··· Material supplied ···

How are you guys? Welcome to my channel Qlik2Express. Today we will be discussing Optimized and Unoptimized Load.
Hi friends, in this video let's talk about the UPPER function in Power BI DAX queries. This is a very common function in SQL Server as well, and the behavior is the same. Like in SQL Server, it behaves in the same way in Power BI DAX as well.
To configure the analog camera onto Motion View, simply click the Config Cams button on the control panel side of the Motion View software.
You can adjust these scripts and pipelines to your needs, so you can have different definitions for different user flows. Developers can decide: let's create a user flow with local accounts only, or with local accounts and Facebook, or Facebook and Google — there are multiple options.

···
··· Material supplied ···

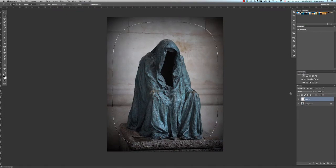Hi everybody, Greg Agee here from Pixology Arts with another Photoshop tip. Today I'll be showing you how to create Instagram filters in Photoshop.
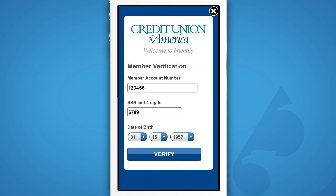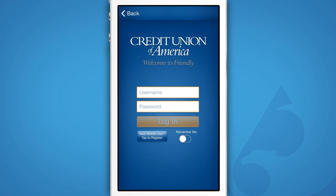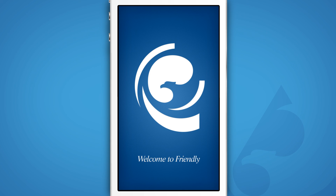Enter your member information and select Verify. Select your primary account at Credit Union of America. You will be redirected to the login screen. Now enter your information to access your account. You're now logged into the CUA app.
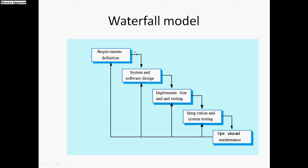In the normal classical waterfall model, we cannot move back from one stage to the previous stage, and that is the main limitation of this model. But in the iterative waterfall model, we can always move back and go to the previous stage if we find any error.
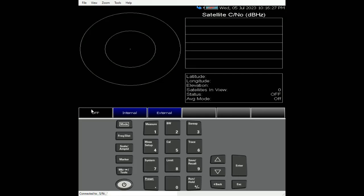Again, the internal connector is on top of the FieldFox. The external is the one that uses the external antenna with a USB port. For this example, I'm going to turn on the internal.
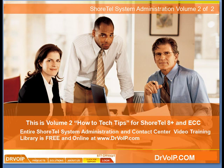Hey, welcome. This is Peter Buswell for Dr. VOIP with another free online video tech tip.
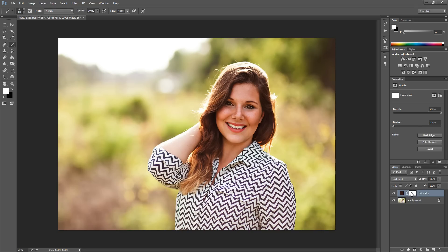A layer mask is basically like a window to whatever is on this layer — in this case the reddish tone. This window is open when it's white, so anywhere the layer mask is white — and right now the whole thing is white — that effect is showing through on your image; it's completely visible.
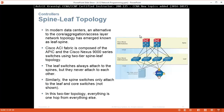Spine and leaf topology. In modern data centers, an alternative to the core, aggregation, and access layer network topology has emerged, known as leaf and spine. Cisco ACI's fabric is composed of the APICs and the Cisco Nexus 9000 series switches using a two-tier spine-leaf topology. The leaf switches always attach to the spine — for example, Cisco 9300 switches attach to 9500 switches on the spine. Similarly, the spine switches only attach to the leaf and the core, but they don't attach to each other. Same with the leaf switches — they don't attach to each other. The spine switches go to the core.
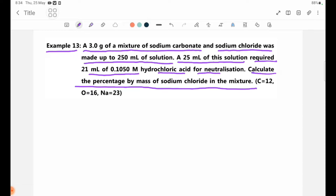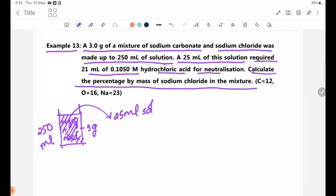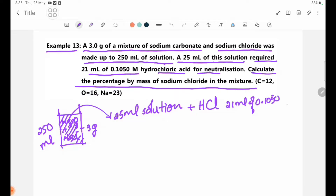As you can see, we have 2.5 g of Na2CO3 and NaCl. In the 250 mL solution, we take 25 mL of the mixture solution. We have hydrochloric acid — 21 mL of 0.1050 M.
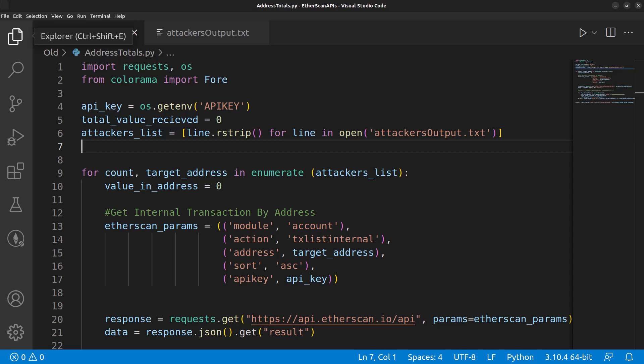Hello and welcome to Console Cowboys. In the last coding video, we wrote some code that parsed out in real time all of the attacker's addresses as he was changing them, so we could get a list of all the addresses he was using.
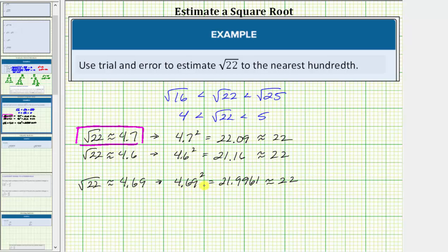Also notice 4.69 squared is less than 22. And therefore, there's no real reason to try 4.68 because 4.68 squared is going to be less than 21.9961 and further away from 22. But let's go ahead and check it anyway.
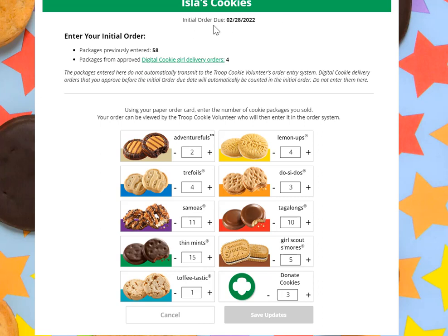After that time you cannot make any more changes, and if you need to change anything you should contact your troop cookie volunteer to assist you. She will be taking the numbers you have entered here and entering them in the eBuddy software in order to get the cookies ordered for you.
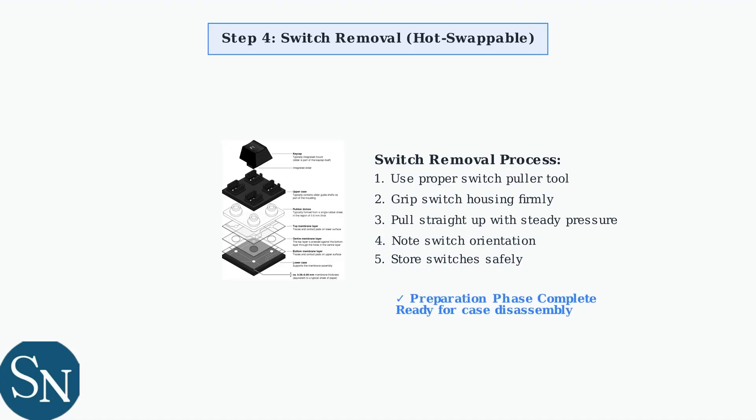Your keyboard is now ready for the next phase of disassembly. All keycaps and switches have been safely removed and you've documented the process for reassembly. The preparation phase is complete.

···
··· Material supplied ···

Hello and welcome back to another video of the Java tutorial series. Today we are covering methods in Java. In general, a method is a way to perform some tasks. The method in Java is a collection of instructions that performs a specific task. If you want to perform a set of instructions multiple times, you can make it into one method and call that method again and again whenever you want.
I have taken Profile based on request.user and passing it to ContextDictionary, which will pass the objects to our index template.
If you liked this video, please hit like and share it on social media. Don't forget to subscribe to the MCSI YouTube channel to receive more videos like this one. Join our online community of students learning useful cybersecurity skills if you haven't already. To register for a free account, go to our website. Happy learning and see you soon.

···

▶ What you have to do
Return the lines above that include the string "user".

▶ Output of the task
You can adjust these scripts and pipelines to your needs, so you can have different definitions for different user flows. Developers can decide: let's create a user flow with local accounts only, or with local accounts and Facebook, or Facebook and Google — there are multiple options.
I have taken Profile based on request.user and passing it to ContextDictionary, which will pass the objects to our index template.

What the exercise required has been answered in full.